Roberto Juarroz – L’homme est revenu de son envers…

Par Stéphane Chabrières @schabrieres

L’homme est revenu de son envers.
Il conviendrait donc
qu’il mette son chapeau à l’envers,
ses gants, sa chemise
et surtout son cœur.
Il conviendrait aussi
qu’il retourne ses mots,
les regards qui s’effrangent au vent,
l’histoire de ses jours incolores,
les portes du silence,
le semblant de pensée dont il se targue
et l’inconduite obstinée de sa mort.

Et lorsque tout sera à l’envers
faire se retourner l’envers,
pour voir s’il découvre alors sa figure,
la figure d’homme qu’il n’a jamais rencontrée.

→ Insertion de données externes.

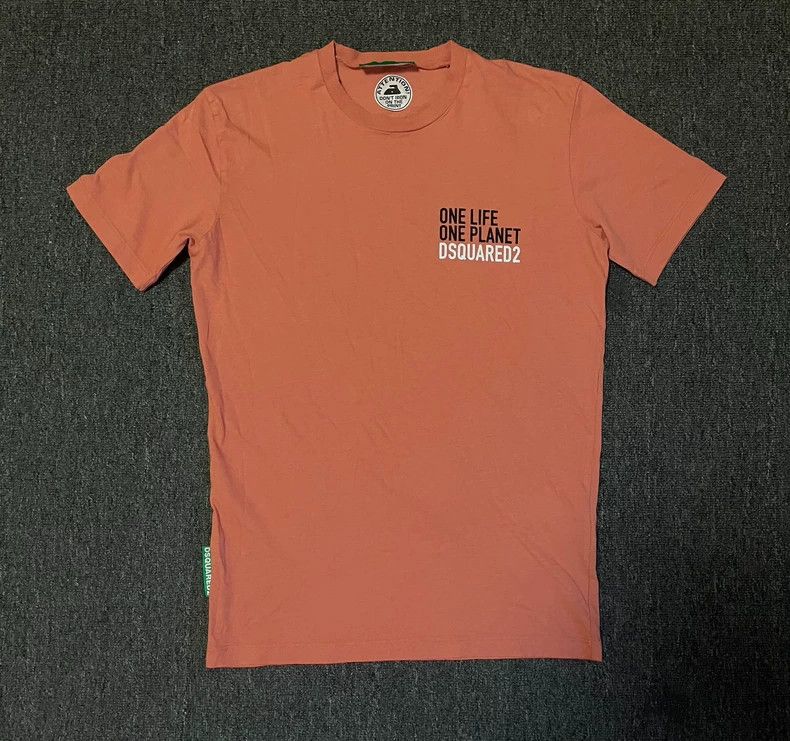 Dsquared2 Dsquared2 One Life One Planet T-Shirt-yf Size US S / EU 44-46 / 1 - 2 Thumbnail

Parce que l’envers de l’envers n’est pas l’endroit,
Cette pauvre image qui ne nous sert pas davantage.

*

El hombre se ha vuelto del revés.
Convendría por eso
que usara el sombrero al revés,
los guantes, la camisa
y sobre todo el corazón al revés.

Y también convendría
que diera vuelta las palabras,
las miradas que se desflecan en el viento,
la historia de sus pálidos días,
las puertas del silencio,
el símil de pensar con que se yergue
y la inconducta terca de su muerte.

Y cuando esté todo al revés
volver a darlo vuelta del revés,
para ver si allí se encuentra su figura,
la figura de hombre que jamás encontró.

Porque el revés del revés no es el derecho,
esa mísera imagen que tampoco nos sirve.

***

Roberto Juarroz (1925-1995) – Duodécima poesía vertical (1991) – Douzième poésie verticale (Orphée/La Différence, 1993) – Traduit de l’espagnol par Fernand Verhesen.